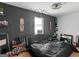 An edgy bedroom featuring a dark accent wall, quirky decor, and a modern ceiling fan at 140 Joshua St, Palmetto, GA 30268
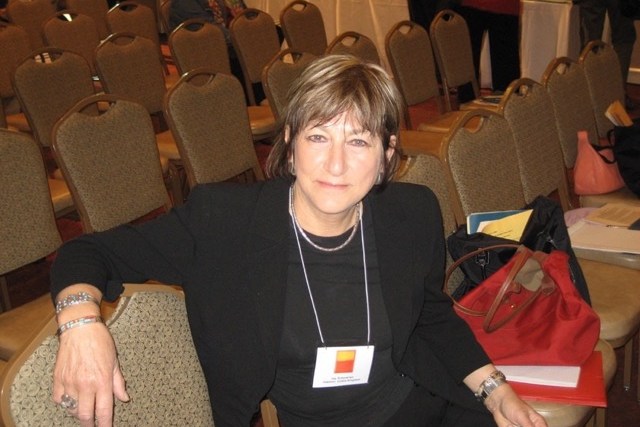 Photo of Joy Schaverien sitting in a conference room.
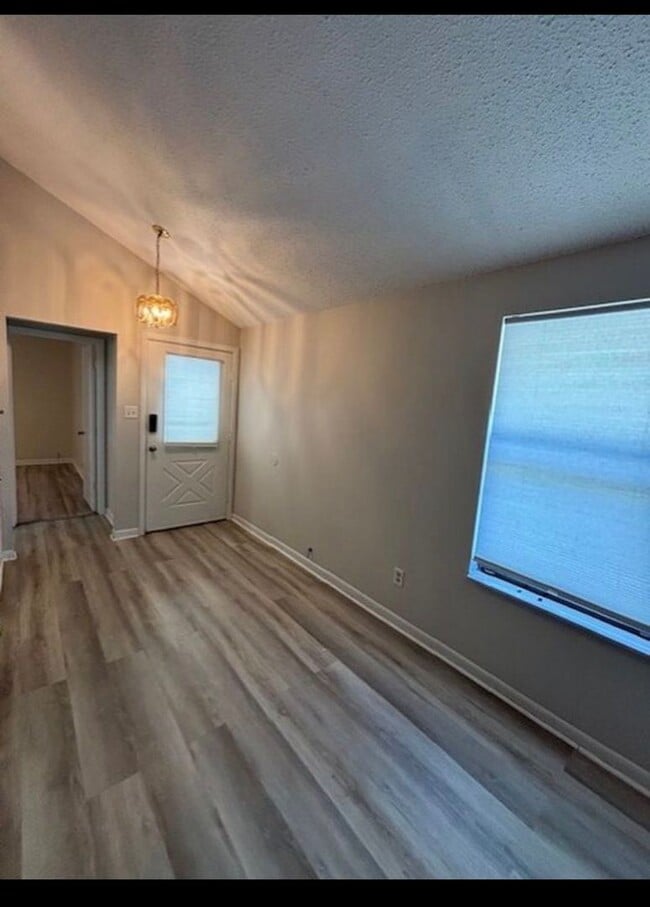 Building Photo - Affordable Living with Comfort & Convenience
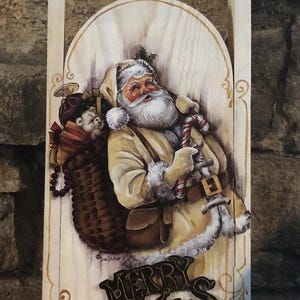 May include: Wooden Christmas sled with a painted image of Santa Claus holding a candy cane and a sack of toys. The sled has the words "MERRY CHRISTMAS" in a decorative font.
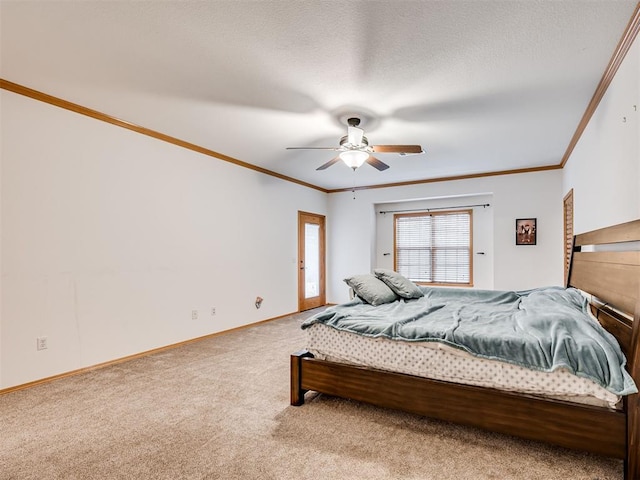 carpeted bedroom featuring a textured ceiling, ceiling fan, and ornamental molding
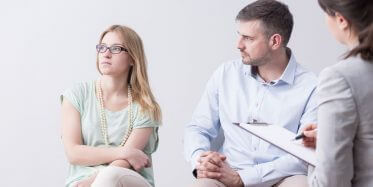 Wife ignoring her husband while struggling couple attends marriage therapy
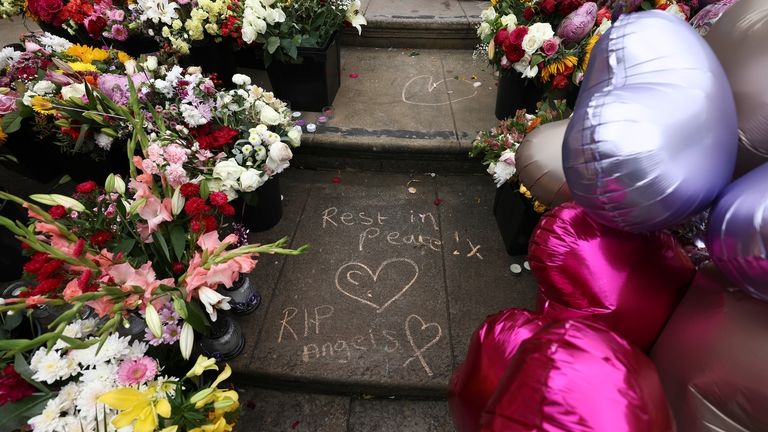 Tributes are seen outside the Town Hall during a vigil...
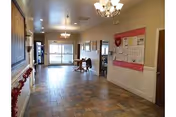A spacious hallway in a senior living facility with tiled flooring and beige walls. There are chandeliers hanging from the ceiling, a bulletin board with notices on the right wall, and a table with chairs near the far end by large windows letting in natural light.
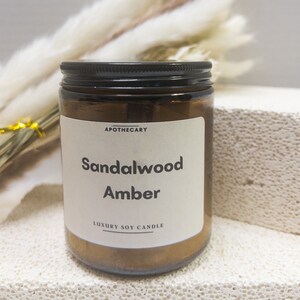 Pu&ograve; includere: Un barattolo di vetro marrone per candele con un coperchio nero. L'etichetta recita "APOTHECARY Sandalwood Amber LUXURY SOY CANDLE".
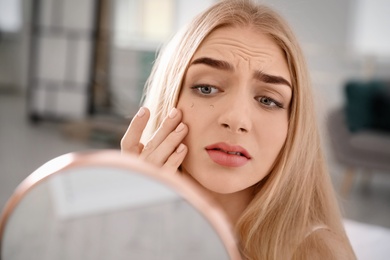 Photo of Young woman with eyelash loss problem looking in mirror indoors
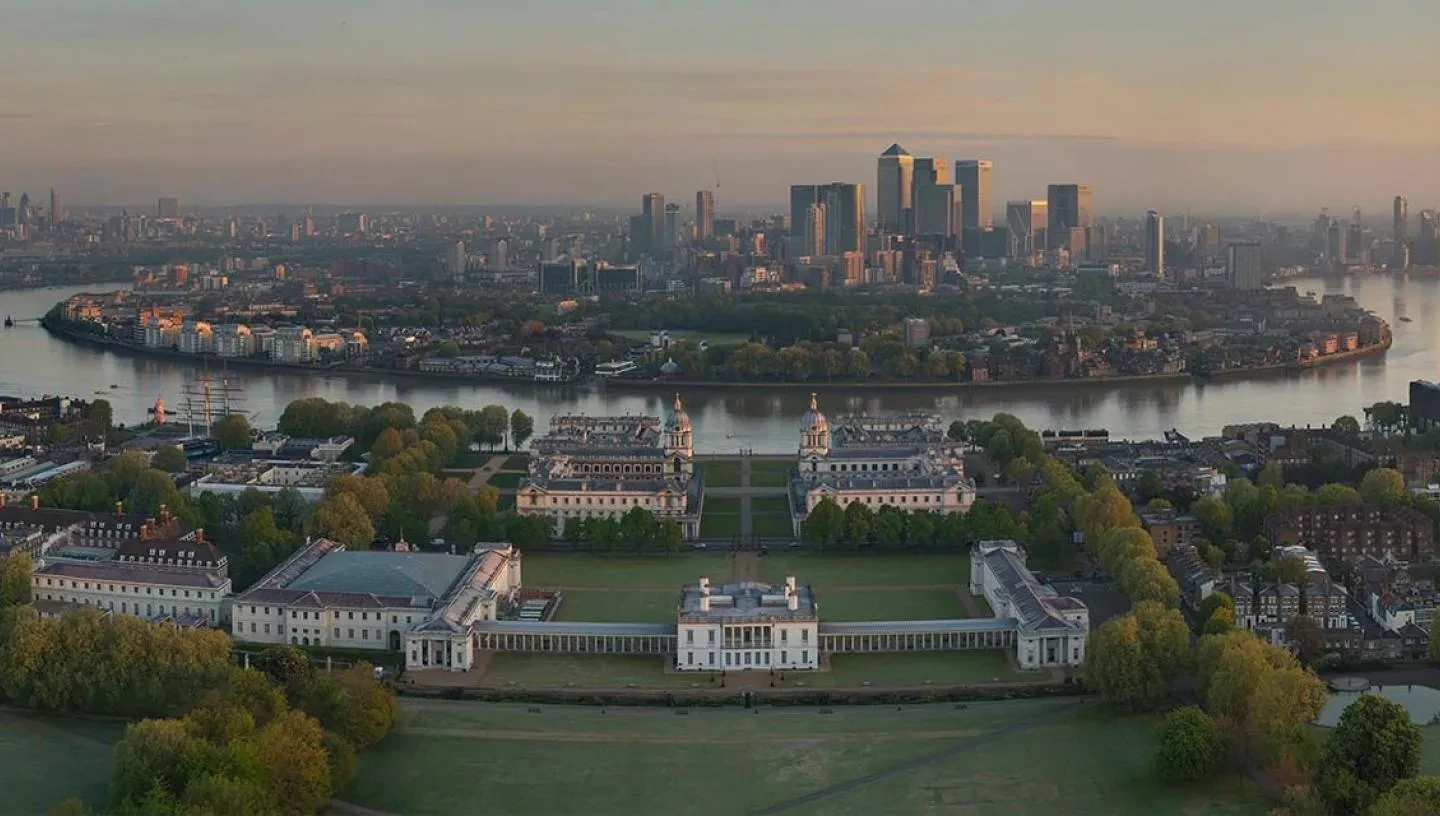 An aerial view of Greenwich and Canary Wharf at dusk.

══════════

▸ Exercise description: Restate the records above in full and word for word, but do not carry over any pictures.

▸ Answer to this problem:
 An edgy bedroom featuring a dark accent wall, quirky decor, and a modern ceiling fan at 140 Joshua St, Palmetto, GA 30268
 Photo of Joy Schaverien sitting in a conference room.
 Building Photo - Affordable Living with Comfort & Convenience
 May include: Wooden Christmas sled with a painted image of Santa Claus holding a candy cane and a sack of toys. The sled has the words "MERRY CHRISTMAS" in a decorative font.
 carpeted bedroom featuring a textured ceiling, ceiling fan, and ornamental molding
 Wife ignoring her husband while struggling couple attends marriage therapy
 Tributes are seen outside the Town Hall during a vigil...
A spacious hallway in a senior living facility with tiled flooring and beige walls. There are chandeliers hanging from the ceiling, a bulletin board with notices on the right wall, and a table with chairs near the far end by large windows letting in natural light.
 Pu&ograve; includere: Un barattolo di vetro marrone per candele con un coperchio nero. L'etichetta recita "APOTHECARY Sandalwood Amber LUXURY SOY CANDLE".
 Photo of Young woman with eyelash loss problem looking in mirror indoors
 An aerial view of Greenwich and Canary Wharf at dusk.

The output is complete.